The Trump administration has implemented aggressive corrective measures. The State Department revoked more than 100,000 visas in 2025, a 150 percent increase over 2024's 40,000 revocations. DHS has arrested 1,416 known or suspected terrorists and removed 1,392 of them. A continuous vetting program now monitors all 55 million valid U.S. visa holders.
In August 2025, U.S. Citizenship and Immigration Services issued new guidance requiring officers to weigh heavily any "support or espousal of terrorist group views, anti-Americanism, and Jew-hatred." The policy shift directly addresses the ideological screening gap that enabled previous attacks.
High-profile enforcement actions demonstrate the new approach. ICE arrested Hamideh Soleimani Afshar, niece of slain Iranian General Qasem Soleimani, on April 3-4 after Secretary of State Marco Rubio revoked her green card. She had celebrated attacks on Americans and referred to the United States as the "Great Satan." On the same day, ICE detained Salah Salem Sarsour, president of the Islamic Society of Milwaukee, for allegedly lying about a prior conviction in Israel for throwing a Molotov cocktail at Israeli military homes.

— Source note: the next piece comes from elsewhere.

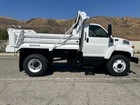 Gmc C-7500 Dump Truck With Only 36 000 Miles Since New Auto  Ac  Show Room Cond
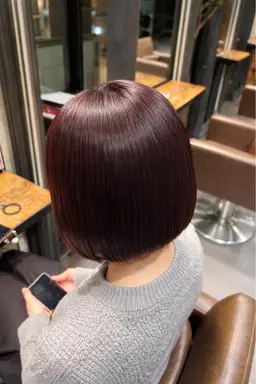 3月31日✂︎ボブカット✂︎3Stepトリートメント付き🫧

USCIS spokesperson Matthew Tragesser stated the administration's philosophy clearly. "America's benefits should not be given to those who despise the country and promote anti-American ideologies," he said. The agency is conducting a re-review of approved benefit requests for aliens from high-risk countries who entered after January 20, 2021.
The administration's response includes travel restrictions on 19 countries with full or partial entry bans, extended to 20 additional countries. USCIS paused all pending asylum and benefit applications from high-risk countries in December 2025. Congress has introduced the Preserving a Sharia-Free America Act, which would amend immigration law to render "advocates for the imposition of Sharia law" inadmissible and removable.
USCIS continues to implement policies that "root out anti-Americanism," according to Tragesser. The agency's strengthened screening subjects prospective students and visitors to social media vetting. Separately, the State Department issued guidelines in June 2025 instructing consular officers to look for "any indications of hostility toward the citizens, culture, government, institutions, or founding principles of the United States."
The four attacks this year followed years of systemic failures that allowed millions to enter without proper screening while the vetting system remained focused on threats from a bygone era. As the administration works to correct these deficiencies, the human cost of the misconfigured system continues to mount.